Man Bartlett‘s studio was minimal and on a table were drawings in process, obsessive fields of circles, tiny tiny tiny shapes repeated one after the other, laborious to no end, compulsive with an inability to grasp in its entirety. Think Daniel Zeller and Yayoi Kusama making love.
Stepping outside I saw standing inside a pigeon coop, with a lair beneath the stairs (more stairs) made of thick branches. There was a girl there speaking with much authority pointing to the grid of nests with prettiest of pigeons hopping around. Created by The Deterritorialized Church, the psycho-geographical social sculpture was a humbling co-existence exercise of humans nesting along pigeons, trapped inside a staircase prison.
I got to spend a significant amount of time with this wig-infested duo, holding a small portable stereo, in the bathroom line. They were very involved with this wigged stereo, caressing it’s hair, fondling it’s antennae, listening fondly to the dj on the radio, taking turns lip syncing the conversation happening and bobbing their heads to its tunes. They seemed to also be quite drunk and couldn’t walk properly and spent a good 15 minutes in the bathroom doing god knows what. Bizarre.
The bathroom itself was quite fascinating; prints of colored silhouettes engaged in all sorts of sexual activity, voices of two people conversating about being pregnant and sitting on a toilet seat, the door installed with a grid of door lock hooks, a mirror with an image of a scruffy man peering from the side (also by Lauren). It was quite interactive and entertaining.

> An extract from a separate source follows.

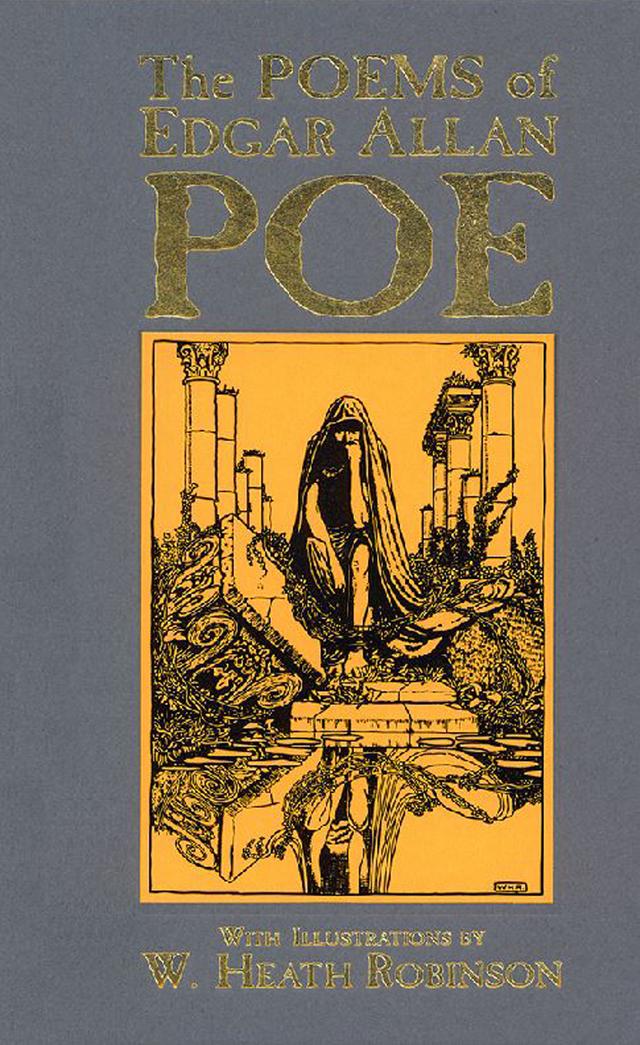 The Poems of Edgar Allan Poe by Edgar Allan Poe, W. Heath Robinson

I left the opening when it started to become unbearably crowded and I finished checking out each corner and crevice of the factory. I asked my friends what they thought of the show and they didn’t seem as impressed as I was. For one reason or another I loved and appreciated the unbiased and balanced intermingling of space, artwork, artist and viewer, all spread along the same visual plane, giving the opportunity to interact and co-perform. Each moment and each spot was an artwork waiting to happen or already happening. Surely the show would look completely different in the daytime and when the performances weren’t all happening all at once. It was energy of the night, of the people, of the simultaneity of it all that was gratifying to me.